Urban and public spaces
(in: FURTADO, Gonçalo, “O espaço público na condição urbana contemporânea” (2000/2001). In: AAVV, Arq./a, Lisboa, Setembro 2009, p.72-73).
In thinking
about ‘the public space in the contemporary urban condition’, the current
consolidation of three phenomena closely linked to the urban experience of the
metropolis should be highlighted: spectacle[i], control[ii] and consumption.[iii] Such
various phenomena - whose genesis arises within the formation of 19th century
urban culture - have been developed during the last decades in association with
a desire for leisure and entertainment, the spectacularization of society and
visual culture, fashion and advertising, mass culture and the globalization,
mobility and information technology.
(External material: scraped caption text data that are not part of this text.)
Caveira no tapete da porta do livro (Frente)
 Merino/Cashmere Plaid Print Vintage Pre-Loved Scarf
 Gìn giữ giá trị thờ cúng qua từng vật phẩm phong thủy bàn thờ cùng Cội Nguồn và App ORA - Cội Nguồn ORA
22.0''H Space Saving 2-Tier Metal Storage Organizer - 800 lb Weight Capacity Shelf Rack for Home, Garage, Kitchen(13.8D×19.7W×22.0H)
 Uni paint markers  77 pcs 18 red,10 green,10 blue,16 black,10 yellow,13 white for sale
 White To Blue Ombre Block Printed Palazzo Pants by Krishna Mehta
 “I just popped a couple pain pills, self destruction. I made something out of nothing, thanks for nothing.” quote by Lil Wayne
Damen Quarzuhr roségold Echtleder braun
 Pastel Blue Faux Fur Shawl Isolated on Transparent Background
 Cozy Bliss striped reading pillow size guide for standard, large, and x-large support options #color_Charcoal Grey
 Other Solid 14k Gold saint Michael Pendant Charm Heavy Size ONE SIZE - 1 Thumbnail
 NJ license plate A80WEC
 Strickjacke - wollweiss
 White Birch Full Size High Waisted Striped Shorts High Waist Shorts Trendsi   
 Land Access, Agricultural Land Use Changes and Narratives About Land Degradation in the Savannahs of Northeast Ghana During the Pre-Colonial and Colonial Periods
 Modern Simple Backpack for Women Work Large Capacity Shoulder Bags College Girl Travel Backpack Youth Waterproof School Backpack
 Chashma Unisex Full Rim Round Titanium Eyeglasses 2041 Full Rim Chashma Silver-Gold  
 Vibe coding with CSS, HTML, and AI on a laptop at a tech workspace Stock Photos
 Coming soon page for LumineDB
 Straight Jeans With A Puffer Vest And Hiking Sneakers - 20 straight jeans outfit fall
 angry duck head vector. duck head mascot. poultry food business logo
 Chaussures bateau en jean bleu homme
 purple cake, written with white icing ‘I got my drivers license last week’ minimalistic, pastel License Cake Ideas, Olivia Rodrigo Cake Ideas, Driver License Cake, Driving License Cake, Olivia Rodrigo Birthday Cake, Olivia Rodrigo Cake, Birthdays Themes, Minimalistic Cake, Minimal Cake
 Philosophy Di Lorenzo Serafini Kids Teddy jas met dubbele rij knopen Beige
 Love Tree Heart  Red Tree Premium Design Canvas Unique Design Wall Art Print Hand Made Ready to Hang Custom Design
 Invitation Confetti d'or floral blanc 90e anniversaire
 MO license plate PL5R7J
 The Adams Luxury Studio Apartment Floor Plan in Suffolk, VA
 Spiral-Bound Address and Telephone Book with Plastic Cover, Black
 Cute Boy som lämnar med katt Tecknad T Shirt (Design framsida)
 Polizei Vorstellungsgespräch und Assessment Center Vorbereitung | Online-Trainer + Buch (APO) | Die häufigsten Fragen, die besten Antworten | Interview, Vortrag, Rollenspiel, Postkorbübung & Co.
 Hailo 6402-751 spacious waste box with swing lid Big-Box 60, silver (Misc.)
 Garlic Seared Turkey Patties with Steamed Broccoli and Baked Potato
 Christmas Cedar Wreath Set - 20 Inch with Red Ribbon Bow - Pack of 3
The contemporary metropolis appears to us,
thus, as a structure that is spatial and social in which these phenomena take
place; a situation that has a profound impact on the level of spatiality and
urban experience. In the metropolis, “non-spaces” – to use the French
antrophologist Marc Augé’s[iv] concept -, unified and without
historical reference, are outstandingly
consumed by the a-ethnic individual under precise and controlled behaviours
within the notion of late capitalism.[v] The metropolitan condition becomes the engine of spetacle, consumption and control. Public space, as we
understand it, has often become, the ultimate “other”, the tangibly excluded.
[i] DEBORD, Guy, A
Sociedade do Espectáculo. Lisboa: Edições Mobilis in Mobile, 1991.
[ii] DELEUZE, Gilles, Post script on the societies of
control. In: AAVV, October, V.59, 1992, p.3-7.
[iii] BAUDRILLARD, Jean,
A Sociedade de Consumo. Lisboa: Edições 70, 1995.
[iv] AUGÉ, Marc,
Non-places. New York: Verso, 1995.
[v] MANDEL, Ernest, O
Capitalismo tardio. São Paulo: Nova Cultural, 1985.